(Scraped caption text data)
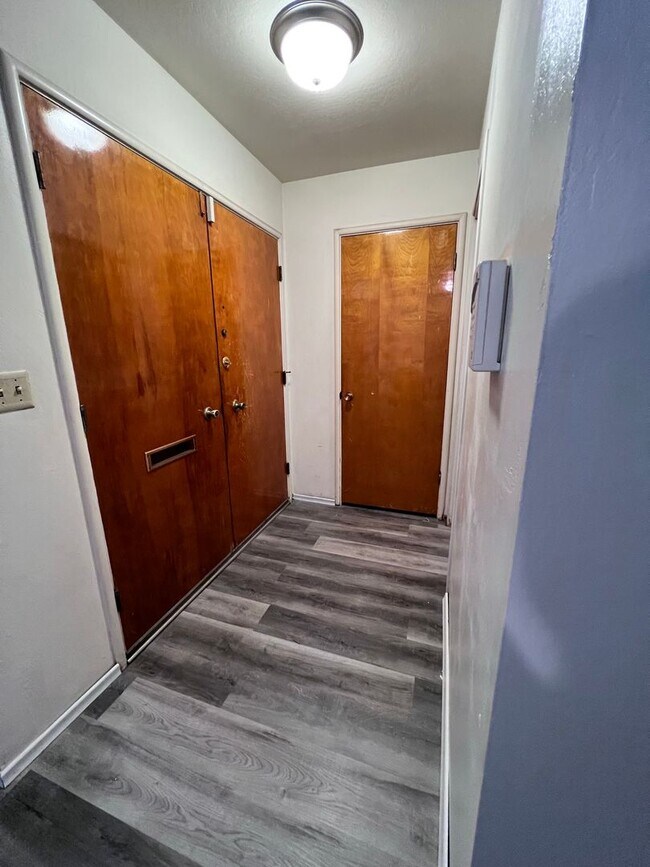 Building Photo - Well Located Home Near The University of T...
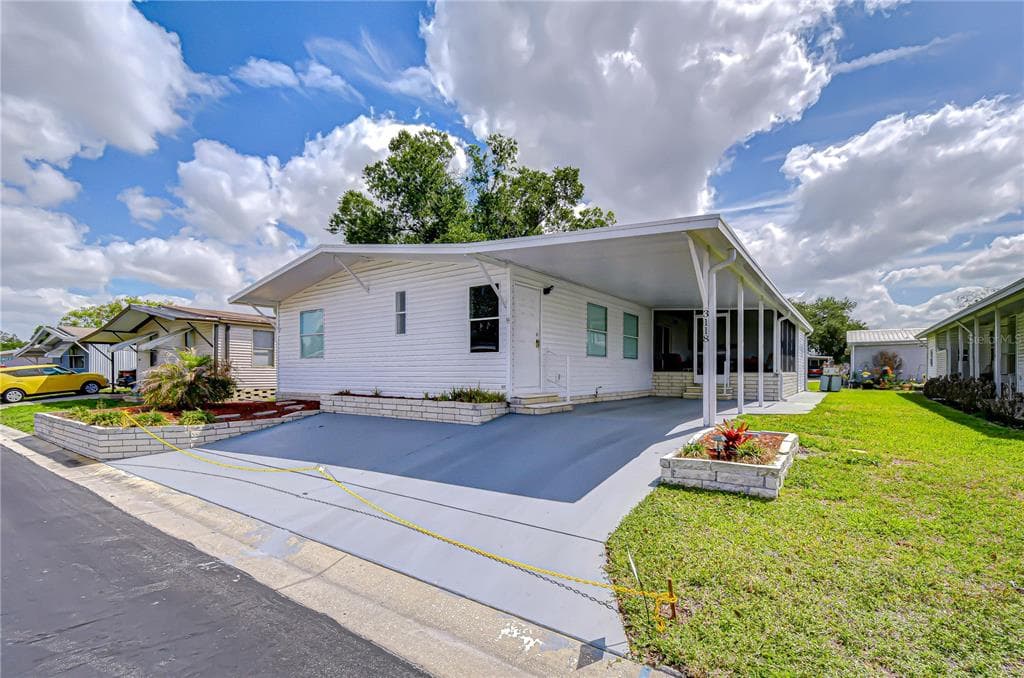 3118 SHADY CREEK DRIVE WESLEY CHAPEL, FL 33543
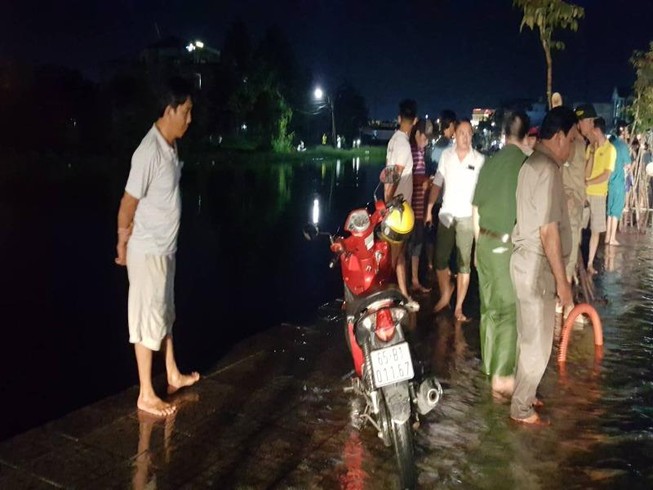 Cần Thơ: Nước ngập đường, 1 phụ nữ rơi xuống hồ mất tích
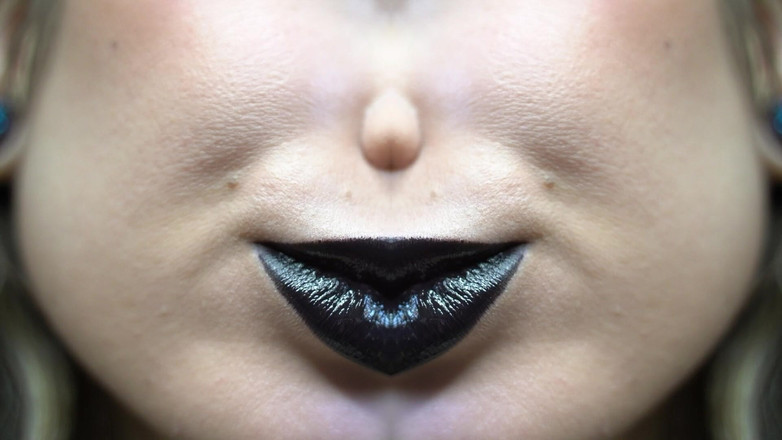 Rarible Diamond: आईने से एक जाहिल लड़की को चूमो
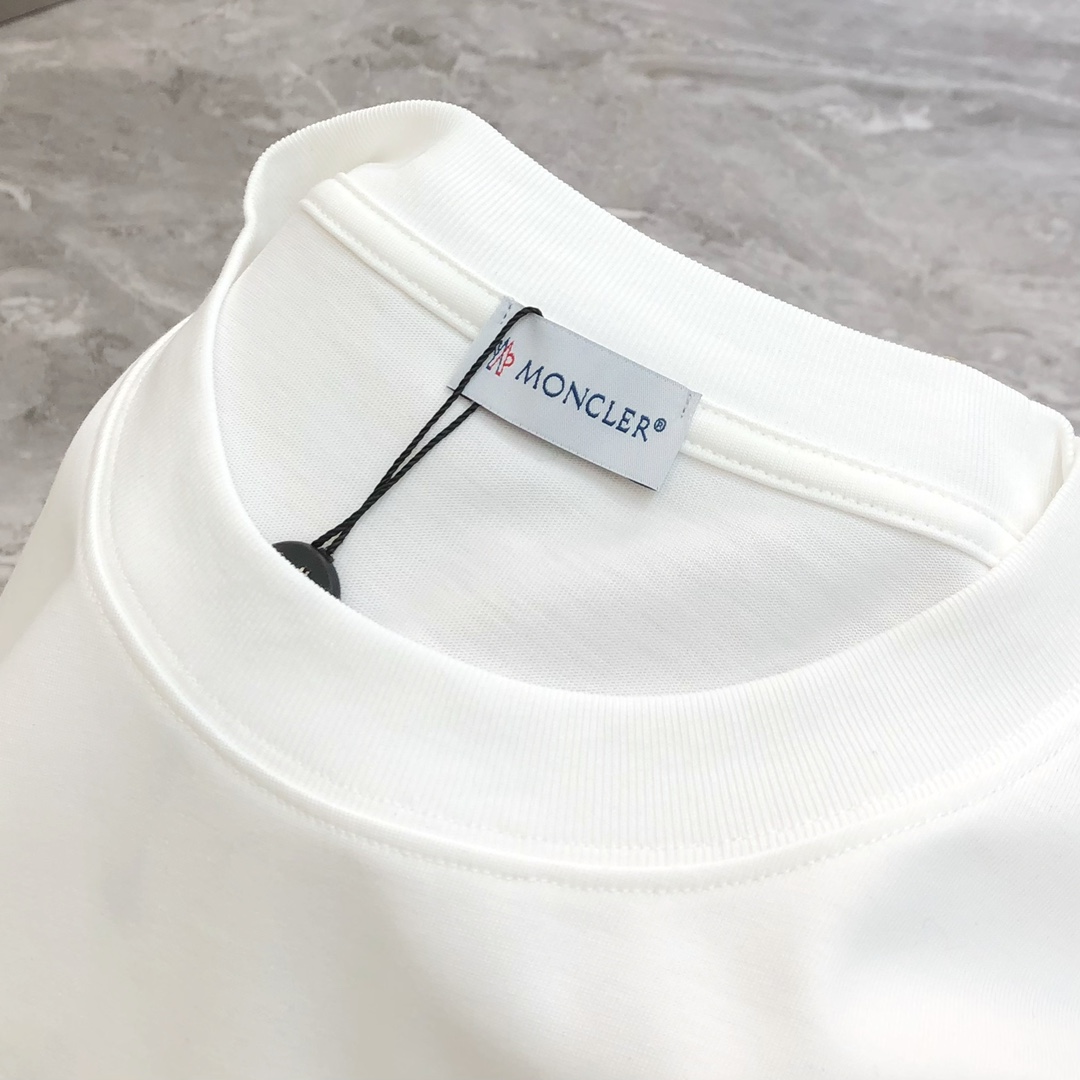  M*ncler 蒙口2025春夏新款原单男士圆领短袖T恤 🔥专柜同步售卖 ✨✨高端品质 高版本 OS版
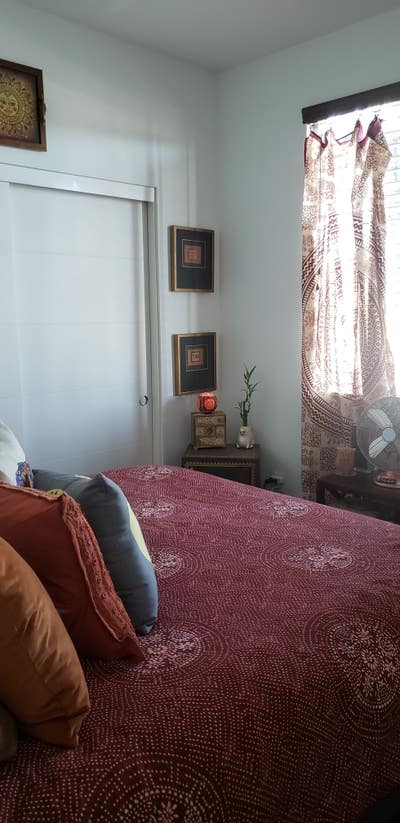 Room for rent in new luxury condo community   Main Photo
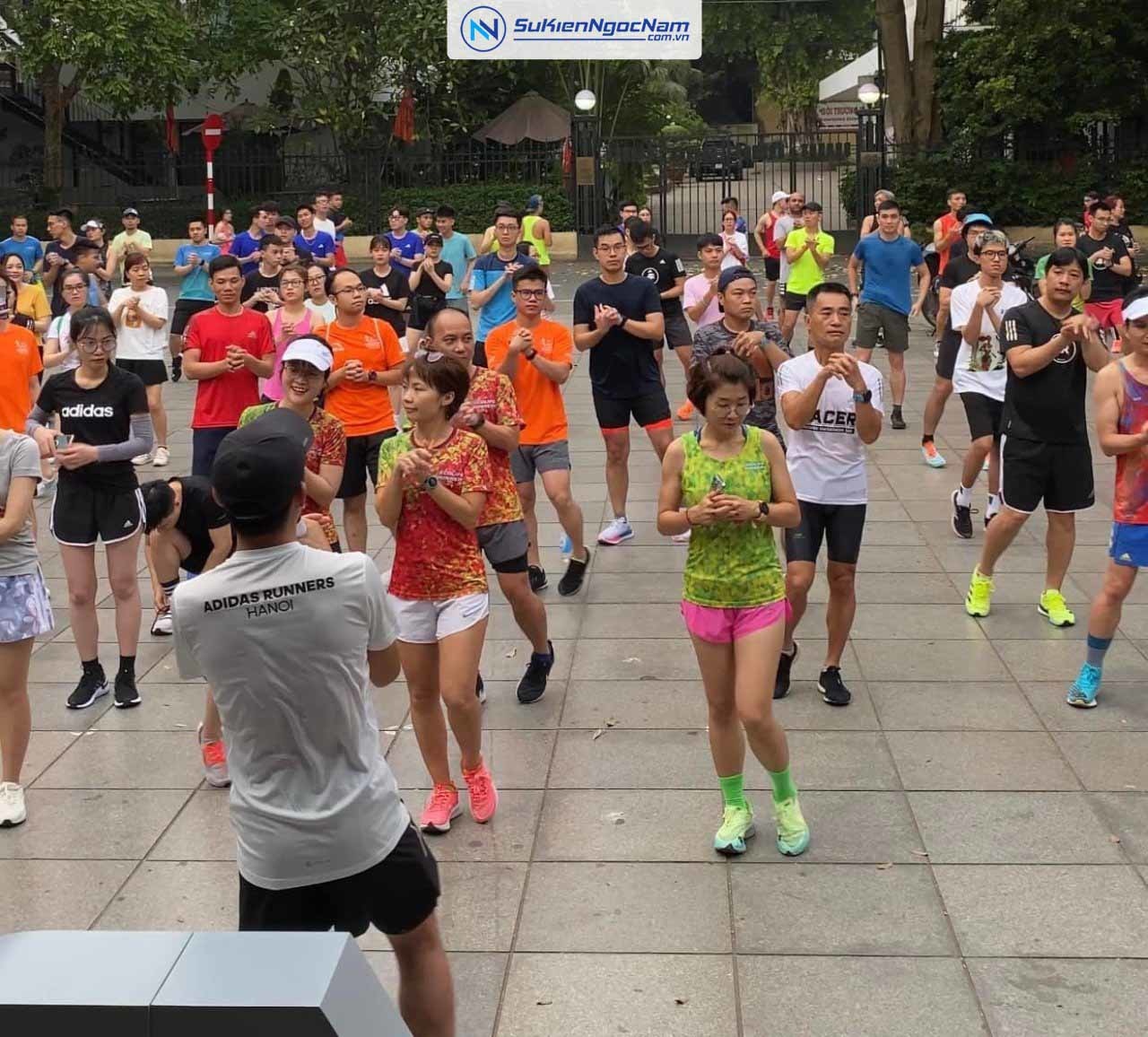 Tổ chức sự kiện kick-off chuyên nghiệp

> Prompt
Your answer must be the lines from the one containing "Room for rent" through the last line of the records, both included, written out exactly and without pictures.

> Answer to the exercise
 Room for rent in new luxury condo community   Main Photo
 Tổ chức sự kiện kick-off chuyên nghiệp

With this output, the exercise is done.